La bicicleta. El sueño dorado. Comprar una bicicleta era un acontecimiento. Una
bicicleta se podía comprar a plazos, como hoy un coche. Porque la bicicleta era
el medio normal de transporte de muchos de los hombres que en mi barrio tenían
que salir, bien temprano, camino de su trabajo. Las bicicletas "de
hombre" eran grandes cabalgaduras "de barra", fabricadas con
tubo de acero bien lacado en colores gris o verde o rojo. Con su faro delantero
de visera cromada, alimentado por dinamo. Con su asiento de cuero y hasta su
cartera -de cuero también- que colgaba tras aquel, para transportar
alguna herramienta de mano. Cada bicicleta solía ir equipada con dos grandes
aguaderas de caucho que nos decían sin dudar el oficio de su propietario. Así
el albañil llevaba en ellas un badil, una llana, una plomada... El fontanero,
una llave de grifa, una madeja de estopa, una lamparilla... Y todos volvían
tras la jornada en una procesión de vehículos orgullosos, elegantes, que se
desplazaban con pedaladas muy lentas que, sin embargo, rendían al máximo
ganando metros a cada impulso.
La bici también era el mejor regalo de Reyes. Y cuando un niño era llevado a
Casa Benito, en la calle Zurbarán, era como si lo transportaran a la antesala
del cielo. El olor a neumático era embriagador. Y un sueño ver tantas
bicicletas colgando del techo, relucientes. Abajo, bajo el mostrador de madera
y vidrio, latas de parches y disolución, sillines, manetas. En las
paredes, más llantas plateadas y cubiertas nuevas.

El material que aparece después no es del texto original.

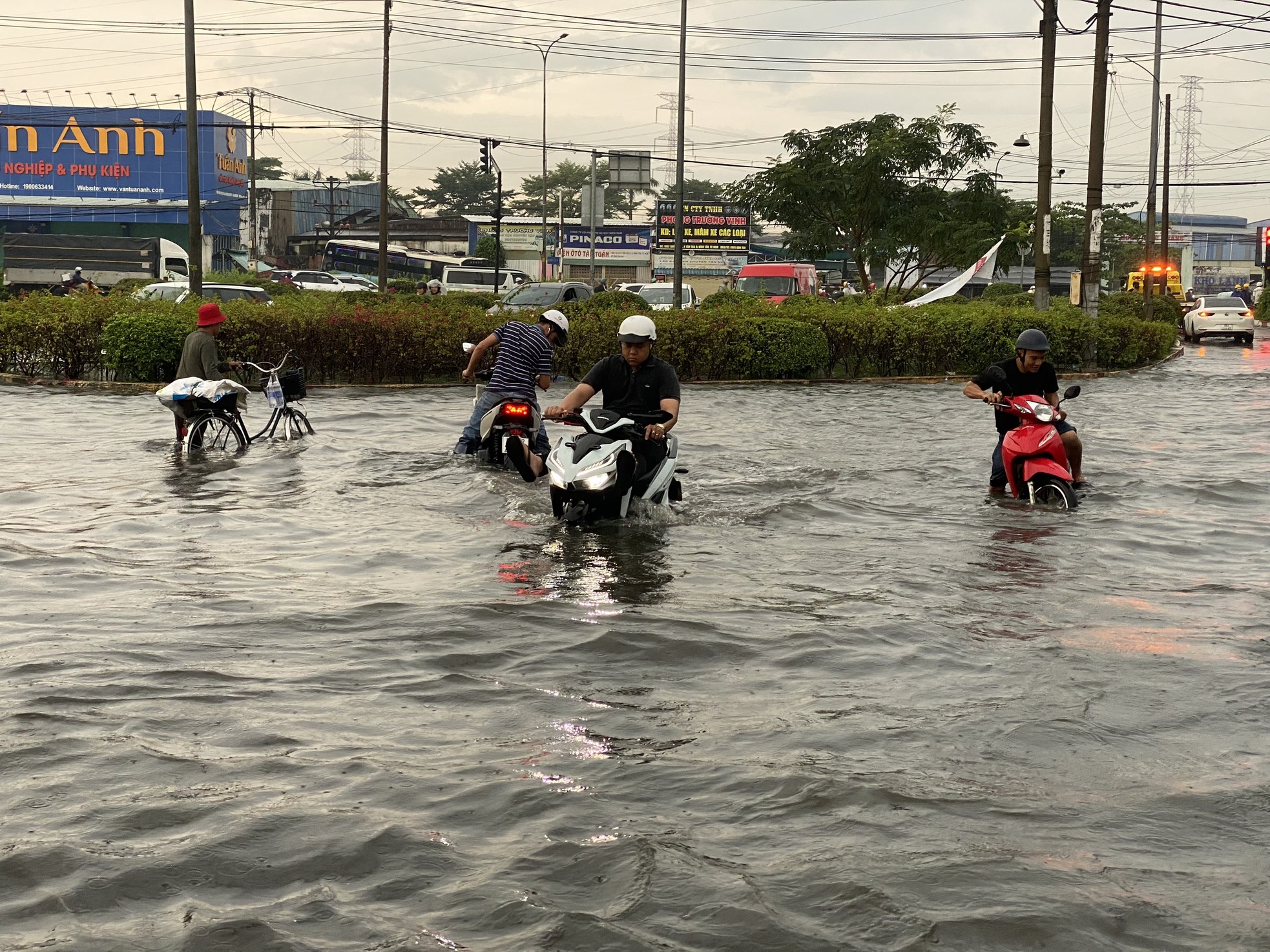 Mưa lớn kết hợp triều cường, Quốc lộ 1 qua TPHCM tê liệt vì ngập sâu - Ảnh 21.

Casa Benito era un lugar único. De hecho era único literalmente: no había nadie
más que vendiera bicicletas. Orbea, BH, Gimson, Derbi, Torrot. Algo
extraordinario. Tanto como que llegaran a tener más de sesenta bicicletas en
alquiler (¿creíais que era un invento de ahora?), como luego tuvieron
ciclomotores Guzzi y finalmente Vespinos, tambien a renta.
Yo tuve la suerte de poseer una bellísima Gimson de bastidor rojo rubí, con
frenos de varilla, dinamo, pilotos y un timbre reluciente y grande como el de
la recepción de un hotel. No levantaba medio metro del suelo, pero me parecía
una máquina maravillosa. Y lo era.
Ahora, cuando para lamentar la crisis y augurar que irá a peor decimos que
"pronto nos veremos otra vez en bici", uno piensa que eso que
ahora se dice como una maldición, antes, no hace tanto, era un sueño y un lujo.
Una bicicleta. Para desplazarse. Para divertirnos. Para vivir aventuras con una
pandilla de amigos. Mi Gimson, una bolsa de nueces y castañas. Y buscar
el camino a Fuente Caballeros. La dicha total.